The purpose of this package is to provide worry-free parallel alternatives to base-R functions lapply() and friends. The goal is that in most cases one should be able to just replace lapply() in the code with the futurized equivalent future_lapply() and things will just work. For example, instead of doing:

library("stats")
x <- 1:10
y <- lapply(x, FUN = quantile, probs = 1:3/4)

one can do:

library("future")
plan(multiprocess)
library("stats")
x <- 1:10
y <- future_lapply(x, FUN = quantile, probs = 1:3/4)

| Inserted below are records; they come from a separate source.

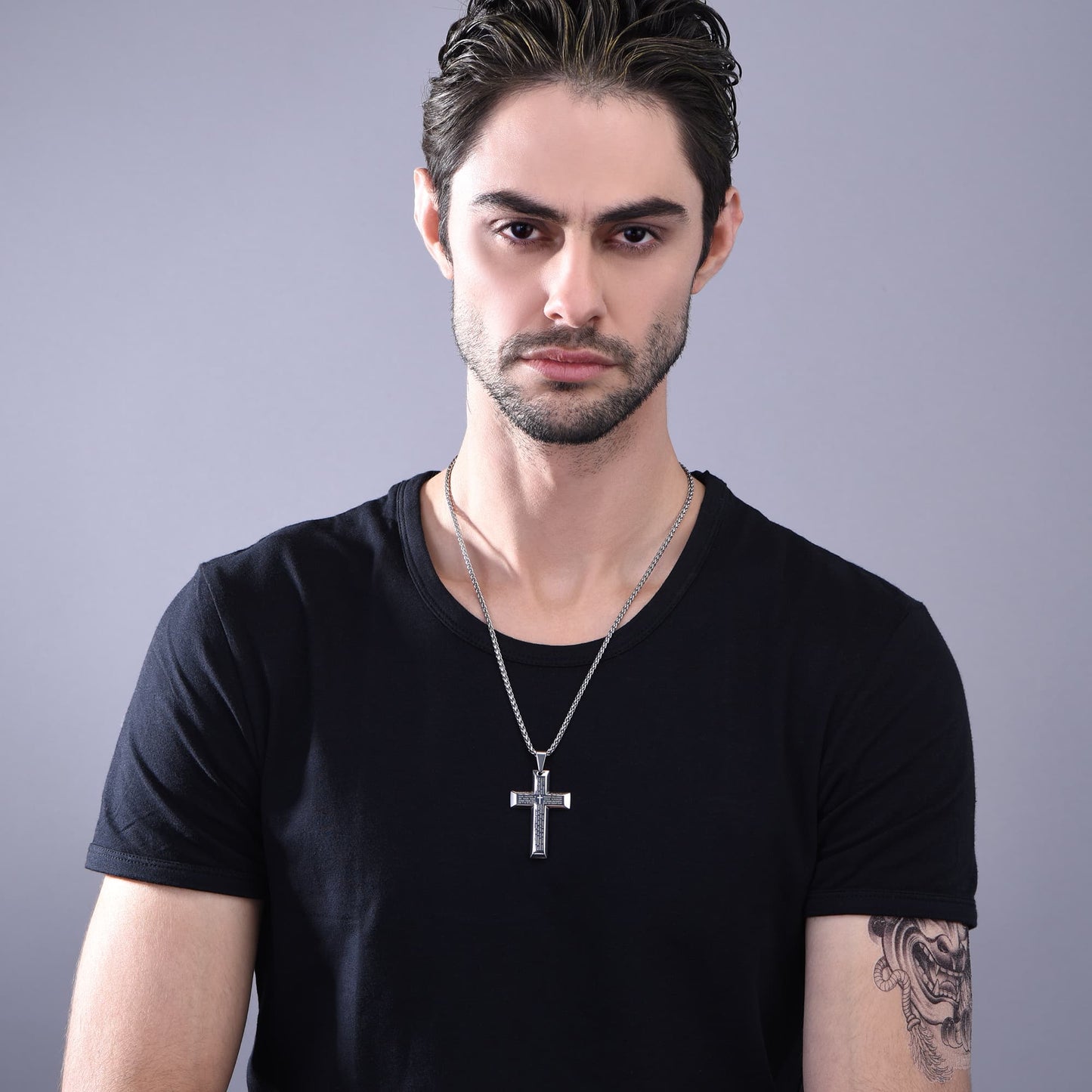 Christian Lord's Prayer Cross Necklace for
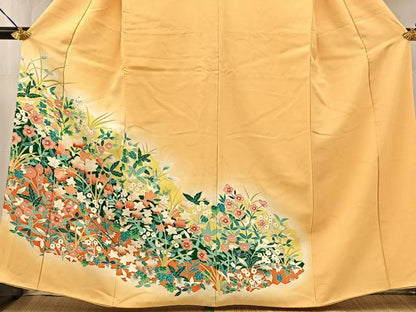 平和屋着物■訪問着　草花文　暈し染め　正絹　逸品　BAAW2756yc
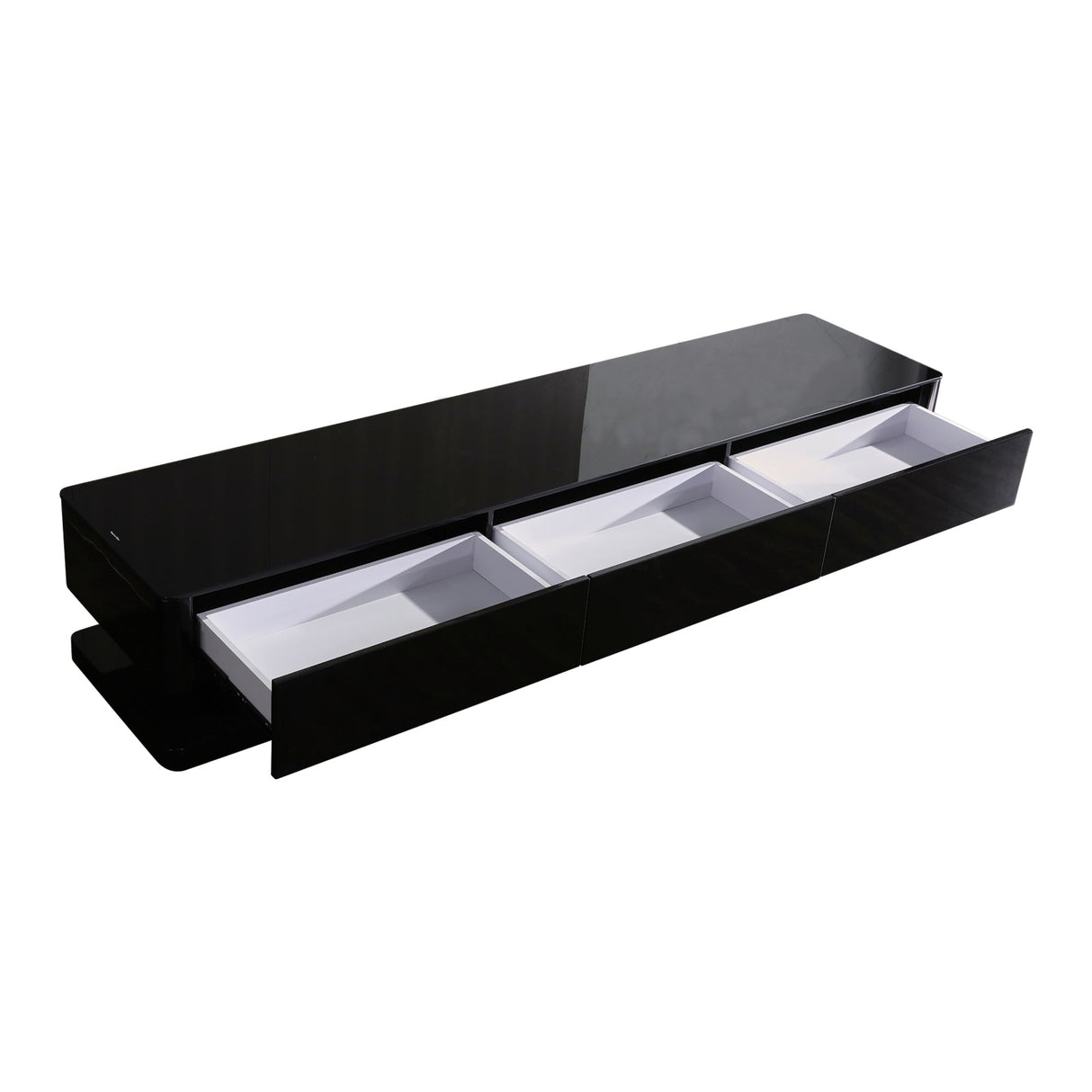 Greens Beach 200cm TV Cabinet, Black Gloss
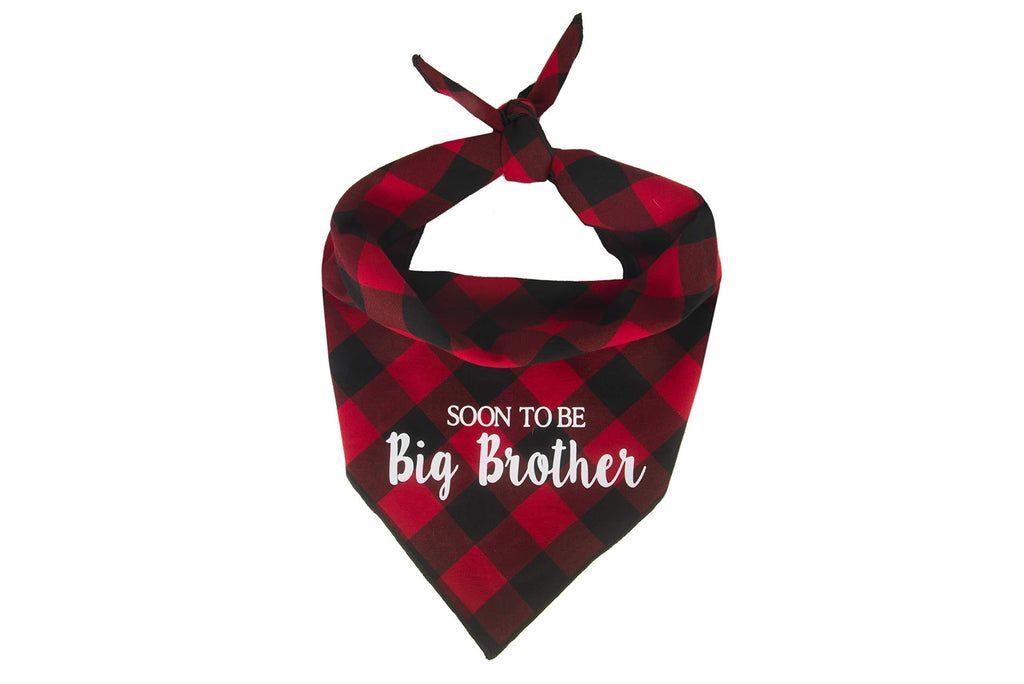[Australia] - Willowear Soon to be Big Brother Soon to be Big Sister Baby Pregnancy Announcement Gender Reveal Puppy Dog Pet Bandanas Large Soon To Be Big Brother Red 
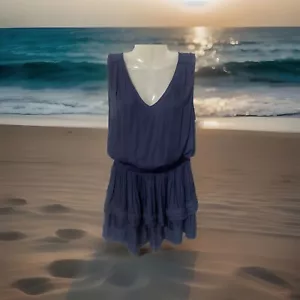 Do+Be Sleeveless Mini Dress Tiered Ruffle V-Neck Navy Blue Satin Sleeveless S - Picture 1 of 10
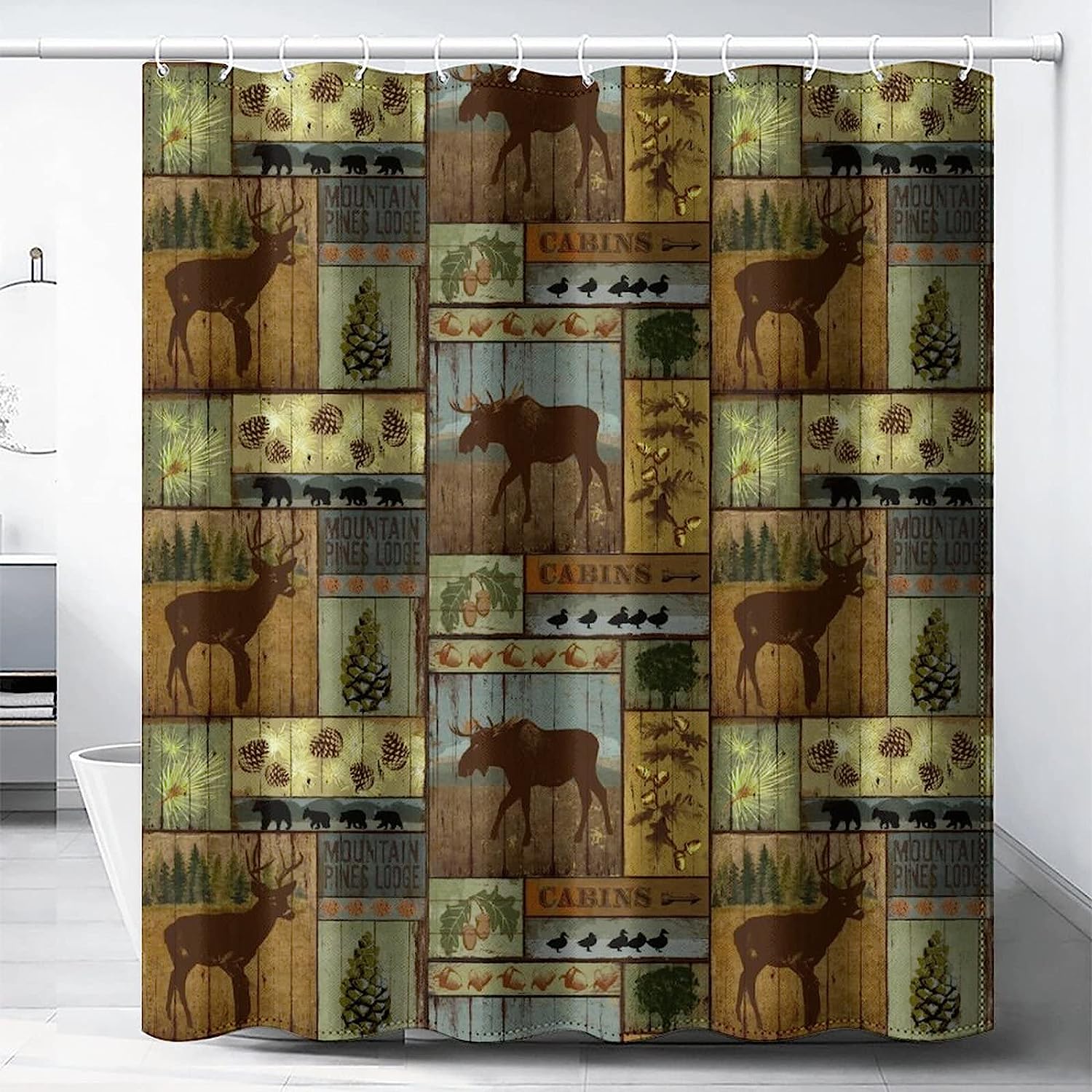 Rustic Lodge Shower Curtain with Bear Moose Deer Design - Farmhouse Bathroom Decoration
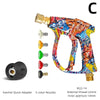 High-pressure washer gun with a foam cannon and five colored nozzles attached.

Reproducibility is part of the core design, which means that perfect, parallel random number generation (RNG) is supported regardless of the amount of chunking, type of load balancing, and future backend being used. To enable parallel RNG, use argument future.seed = TRUE.

Role

Where does the future.apply package fit in the software stack? You can think of it as a sibling to foreach, BiocParallel, plyr, etc. Just as parallel provides parLapply(), foreach provides foreach(), BiocParallel provides bplapply(), and plyr provides llply(), future.apply provides future_lapply(). Below is a table summarizing this idea:

Package Functions Backends
future.apply

Future-versions of common goto *apply() functions available in core R (the 'base' package and some 'stats' package):
future_apply(), future_eapply(), future_lapply(), future_mapply(), future_rapply(), future_sapply(), future_tapply(), future_vapply(), future_aggregate(), ...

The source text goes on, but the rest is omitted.